Can the New Surface help Microsoft Stock?
A report in Bloomberg says that Microsoft is going to release a new Surface tablet in the second half of this year that’s aimed at the consumer market. It will be smaller and lighter than the Surface Pro, with a 10-inch display and rounded edges. And most important (at least if it’s going to take on the latest $329 iPad) it’s a cheaper Surface tablet, with a price starting at $400.
It would continue to use an Intel Corporation (NASDAQ:INTC) CPU and run Windows 10. Accessories like a keyboard cover and stylus will be offered, but priced lower than the Surface Pro versions.
Wait, Haven’t We Been Here Before…?
If this scheme sounds more than a little familiar, it should. Microsoft has played the cheaper Surface card multiple times in the past, with little success. In fact, its first attempt was a disaster.
Remember the Surface RT? The $499 tablet was released in 2012 as a smaller, cheaper and consumer-friendly alternative to the Surface Pro. It tanked. In 2013, Microsoft stock dropped 12% in one day after it wrote off $900 million in unsold Surface RT inventory.
After the Surface RT debacle came the Surface 2 and Surface 3. Neither did particularly well and Microsoft quietly discontinued the Surface 3 in 2016.
Why Another New Surface Tablet?
There are three big reasons why Microsoft is going to try yet again with a cheaper Surface tablet.
The first is those resurgent iPad sales. In Q3 2017, Apple marked the first quarterly uptick in iPad sales since 2014. With its latest iPad model in the mix, revenue for the division was up 6% again in the latest quarter. Clearly, there is still a market for consumer tablets, and not just ultra-cheap versions like Amazon.com’s (NASDAQ:AMZN) Fire tablets.
The second is the surging Surface division revenue. With Surface sales up in a meaningful way, Microsoft may be feeling that consumers are buying into its hardware plans. Now may be the time to broaden that product lineup, boost Surface revenue further and make the division a bigger part of Microsoft stock.
The final reason is that it’s currently a relatively expensive proposition to buy a Surface product. Out of all of Microsoft’s tablets, laptops and its Surface Studio all-in-one PC, the cheapest option is the $799 entry level Surface Pro.
With a new Surface tablet starting at $400, Microsoft will have a Surface product that offers Windows 10 functionality, but is priced affordably for students and casual tablet shoppers.
Will a Cheaper Surface Work This Time?
Despite stronger iPad sales and the growth in Surface division revenue, the new Surface tablet is still a risky proposition. A Windows tablet is not the same as an iPad when it comes to casual use. It lacks the simplicity of use and the millions of App Store offerings.

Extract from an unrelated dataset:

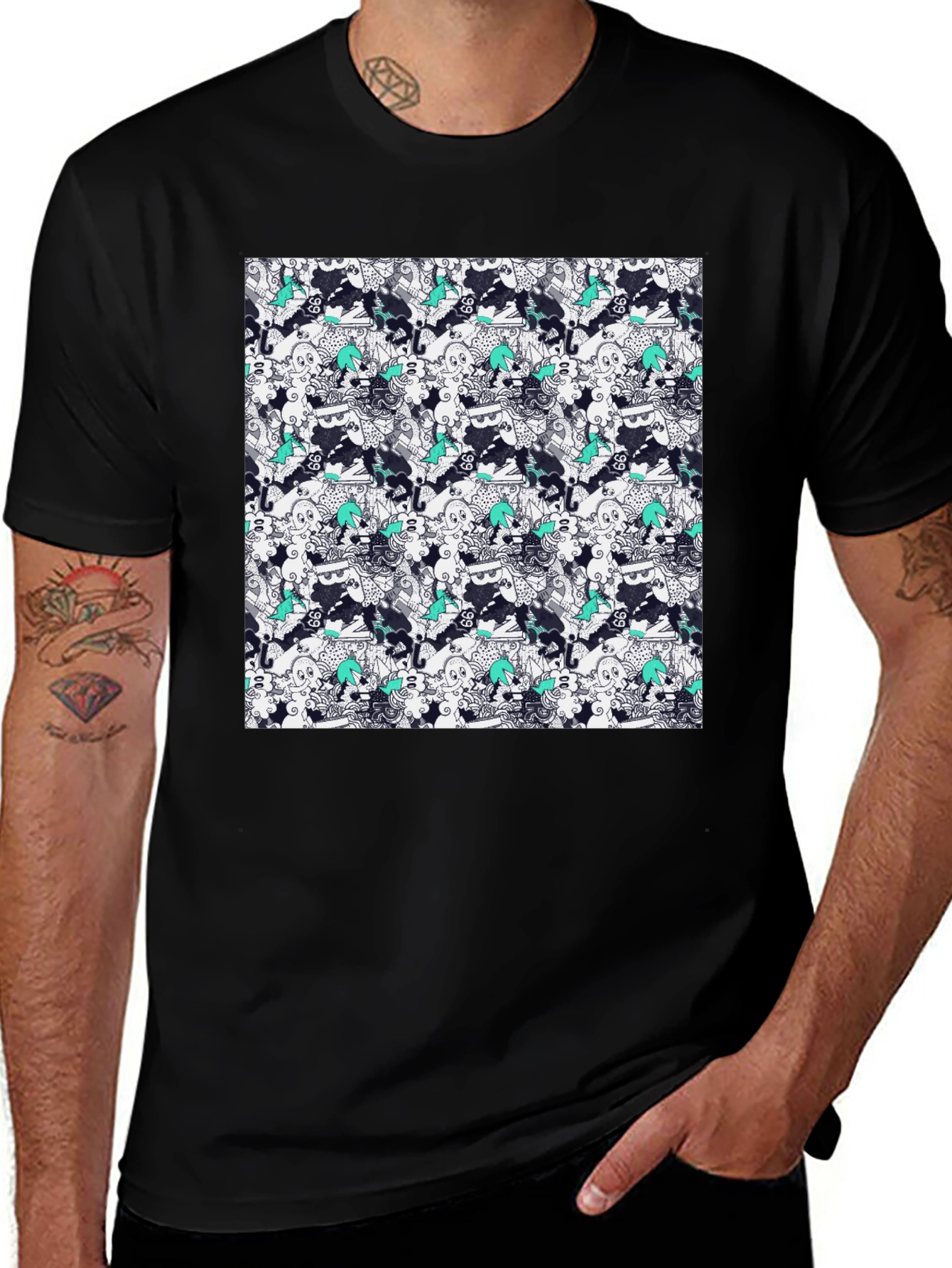 Cool Pattern Black Tee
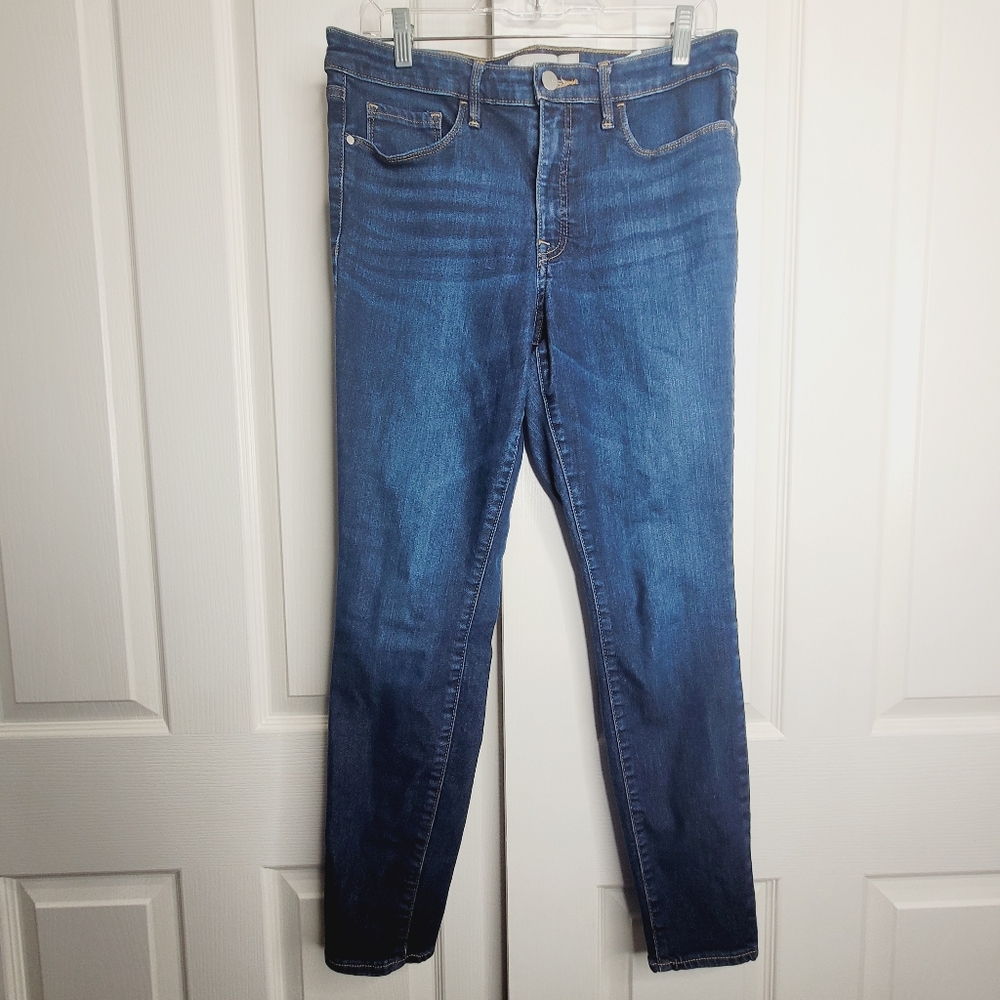 Athleta Sculptek Blue Skinny Jean Pant High Rise Stretchy Comfort size 12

The new Surface tablet would also be priced $70 higher than the new Apple iPad. As a productivity tool, it has the Windows 10 advantage of being able to run Windows software, but a 10-inch display is limiting and a $400 tablet is going to have a modest CPU that limits what software can be run effectively.
According to Bloomberg (Microsoft is not commenting), we will find out in the second half of the year whether the new Surface tablet finally does the trick for Microsoft, or slides into obscurity like the Surface 2 and Surface 3. Or in an unlikely, worst case scenario tanks Microsoft stock as a Surface RT level bomb.
As of this writing, Brad Moon did not hold a position in any of the aforementioned securities.